Today’s note is supposed to offer a reassessment of the JPMorgan U.S. Value Factor ETF (NYSEARCA:JVAL), a passively managed investment vehicle targeting inexpensive U.S. equities. My previous note on the ETF was presented in January of this year and had a mostly neutral tone. While expressing appreciation for the quality and value characteristics of JVAL’s portfolio, I explained that its growth-light approach translates into a risk of the fund lagging growthier plays in 2024 as investors started to prepare for the streak of interest rate cuts. And since the article was published, the ETF has significantly underperformed the S&P 500, which, as it is worth reminding, has a substantial tilt toward generously priced long-duration equities that have been shining this year.

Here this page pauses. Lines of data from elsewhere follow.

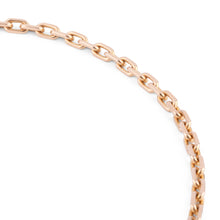 Charger l'image dans la galerie, Collier en or jaune maille força limé
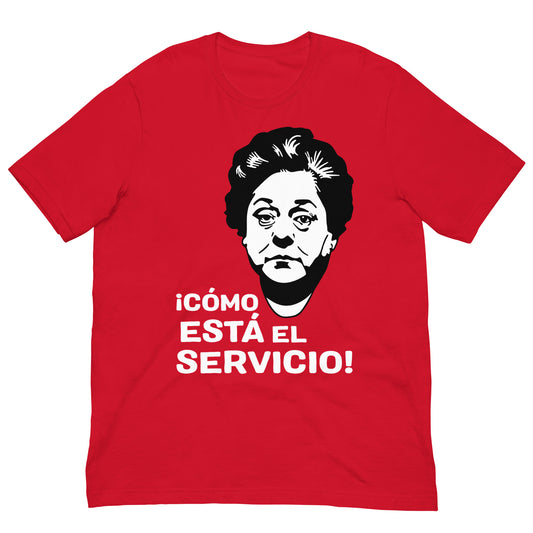 camiseta como esta el servicio rafaela aparicio roja
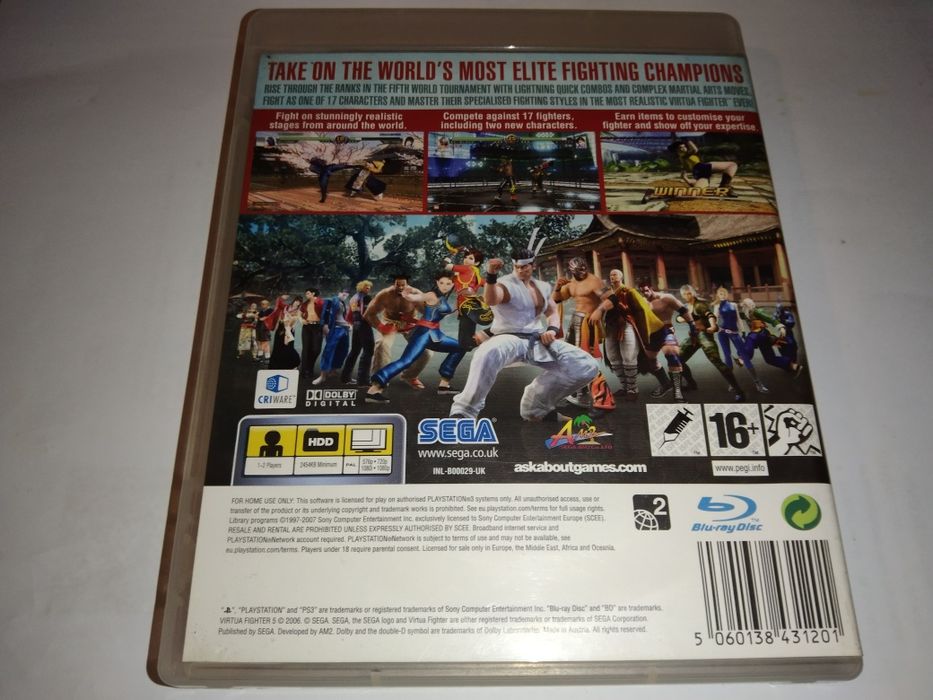 Gra Virtua Fighter 5 PlayStation 3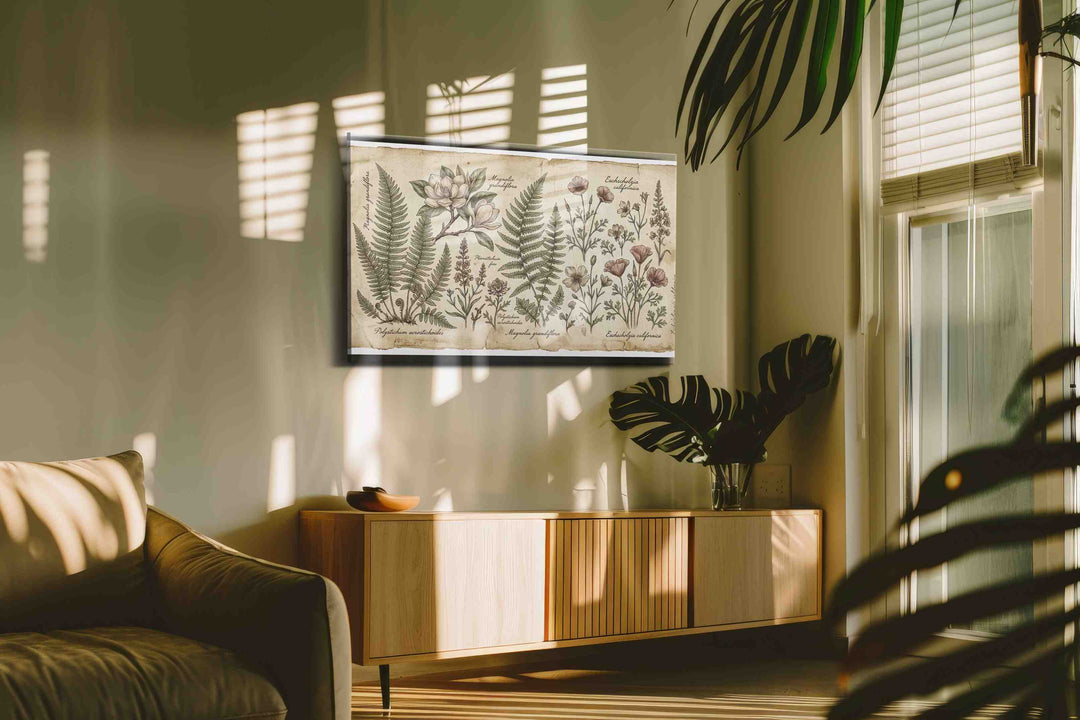 Whispers of the Botanical World – vintage canvas wall art, gallery-wrapped, ready to hang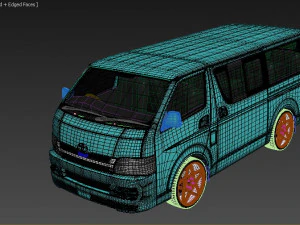 Toyota hiace 2013 3D Model in Van and Minivan 348914 | 3DExport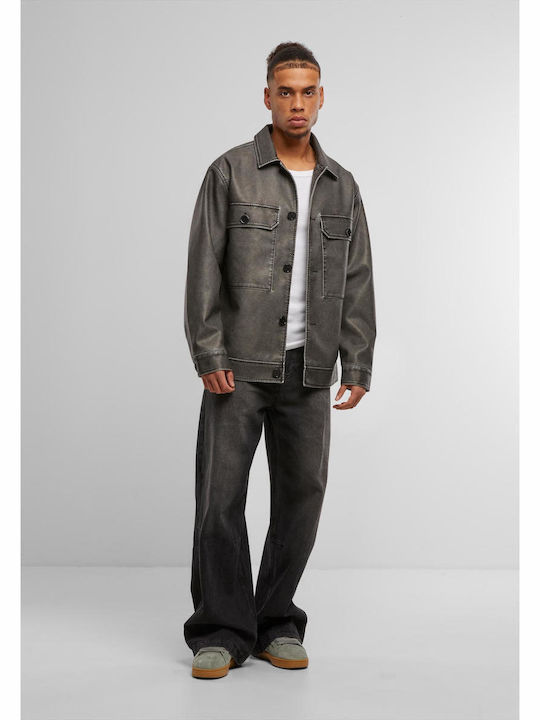 Μακρυμάνικo Overshirt Black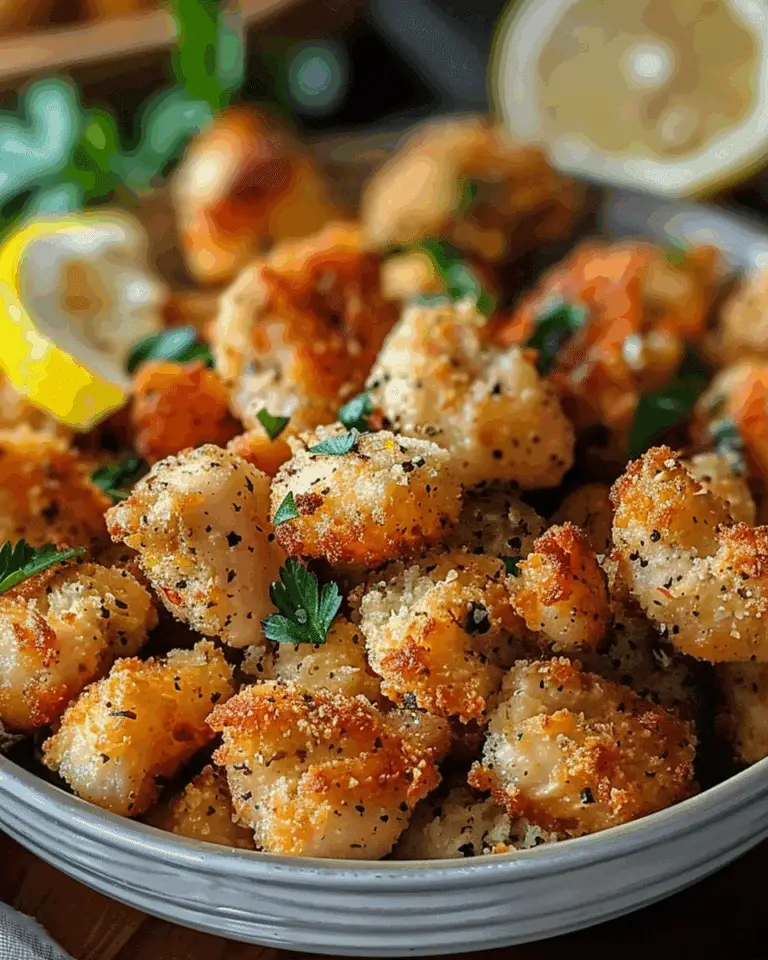 Crispy Lemon Pepper Chicken Bites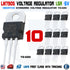 10pcs LM7905 Negative 5 Volt Regulator 1.5 Amp TO220 - L7905 7905 IC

Alas, while underperformance is sometimes a good thing as it can be used as a premise for a bullish thesis (that is to say, when a portfolio might have become more attractively priced), I am not confident that JVAL has potential in the current environment, with the reason being the same: an inadequate dosage of the growth factor. Now let us discuss all these in greater depth.
JVAL strategy recap
According to its website, JVAL’s strategy is based on the JP Morgan US Value Factor Index. The underlying index itself is essentially a fragment of the Russell 1000, calibrated using the following metrics that are enumerated in the summary prospectus: “book yield, earnings yield, dividend yield and cash flow yield.” In the fact sheet, it is clarified that the index “utilizes a rules-based approach that matches Russell 1000 sector weights.”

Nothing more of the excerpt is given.